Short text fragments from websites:
------------

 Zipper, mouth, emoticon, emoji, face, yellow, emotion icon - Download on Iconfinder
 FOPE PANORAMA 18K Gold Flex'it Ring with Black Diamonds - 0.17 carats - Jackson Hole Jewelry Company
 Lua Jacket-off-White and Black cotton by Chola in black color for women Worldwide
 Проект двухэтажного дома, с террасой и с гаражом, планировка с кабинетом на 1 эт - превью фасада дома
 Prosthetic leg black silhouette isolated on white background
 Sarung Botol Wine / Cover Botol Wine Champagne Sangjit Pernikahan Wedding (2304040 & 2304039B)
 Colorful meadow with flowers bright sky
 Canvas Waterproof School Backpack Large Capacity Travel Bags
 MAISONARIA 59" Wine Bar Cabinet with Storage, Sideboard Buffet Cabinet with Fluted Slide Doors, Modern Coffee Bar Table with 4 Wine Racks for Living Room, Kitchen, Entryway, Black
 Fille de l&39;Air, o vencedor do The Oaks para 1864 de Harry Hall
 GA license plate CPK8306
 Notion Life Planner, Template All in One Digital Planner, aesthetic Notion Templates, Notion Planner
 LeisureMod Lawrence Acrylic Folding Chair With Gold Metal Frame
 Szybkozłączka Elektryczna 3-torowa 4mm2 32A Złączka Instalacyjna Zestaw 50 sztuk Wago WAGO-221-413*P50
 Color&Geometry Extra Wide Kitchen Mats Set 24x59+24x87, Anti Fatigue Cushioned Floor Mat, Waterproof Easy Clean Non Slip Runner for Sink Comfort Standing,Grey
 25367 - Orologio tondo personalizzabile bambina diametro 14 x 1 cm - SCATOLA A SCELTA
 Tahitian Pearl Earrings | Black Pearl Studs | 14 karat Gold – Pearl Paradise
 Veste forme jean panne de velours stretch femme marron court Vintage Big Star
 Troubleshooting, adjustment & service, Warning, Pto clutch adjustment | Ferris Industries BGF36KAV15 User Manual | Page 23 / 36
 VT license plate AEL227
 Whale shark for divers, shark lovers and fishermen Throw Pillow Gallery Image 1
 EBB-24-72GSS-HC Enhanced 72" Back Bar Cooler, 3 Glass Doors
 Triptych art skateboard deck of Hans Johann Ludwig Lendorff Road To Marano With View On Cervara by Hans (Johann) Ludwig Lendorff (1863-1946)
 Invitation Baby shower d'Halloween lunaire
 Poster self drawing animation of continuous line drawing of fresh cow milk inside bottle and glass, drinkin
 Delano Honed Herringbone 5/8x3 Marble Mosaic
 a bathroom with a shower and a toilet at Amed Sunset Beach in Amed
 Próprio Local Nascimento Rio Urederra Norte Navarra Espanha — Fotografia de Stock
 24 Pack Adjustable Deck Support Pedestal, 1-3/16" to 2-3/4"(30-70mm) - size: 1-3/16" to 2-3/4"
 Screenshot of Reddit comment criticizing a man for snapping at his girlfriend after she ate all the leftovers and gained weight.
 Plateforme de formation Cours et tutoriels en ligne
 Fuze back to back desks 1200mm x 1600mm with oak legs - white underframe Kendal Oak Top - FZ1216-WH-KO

------------

= INSTRUCTIONS TO FOLLOW =
Return exactly the line that contains "Invitation Baby shower d'Halloween lunaire" and every line after it, through the last line of the records.

= ANSWER TO THIS PROBLEM =
 Invitation Baby shower d'Halloween lunaire
 Poster self drawing animation of continuous line drawing of fresh cow milk inside bottle and glass, drinkin
 Delano Honed Herringbone 5/8x3 Marble Mosaic
 a bathroom with a shower and a toilet at Amed Sunset Beach in Amed
 Próprio Local Nascimento Rio Urederra Norte Navarra Espanha — Fotografia de Stock
 24 Pack Adjustable Deck Support Pedestal, 1-3/16" to 2-3/4"(30-70mm) - size: 1-3/16" to 2-3/4"
 Screenshot of Reddit comment criticizing a man for snapping at his girlfriend after she ate all the leftovers and gained weight.
 Plateforme de formation Cours et tutoriels en ligne
 Fuze back to back desks 1200mm x 1600mm with oak legs - white underframe Kendal Oak Top - FZ1216-WH-KO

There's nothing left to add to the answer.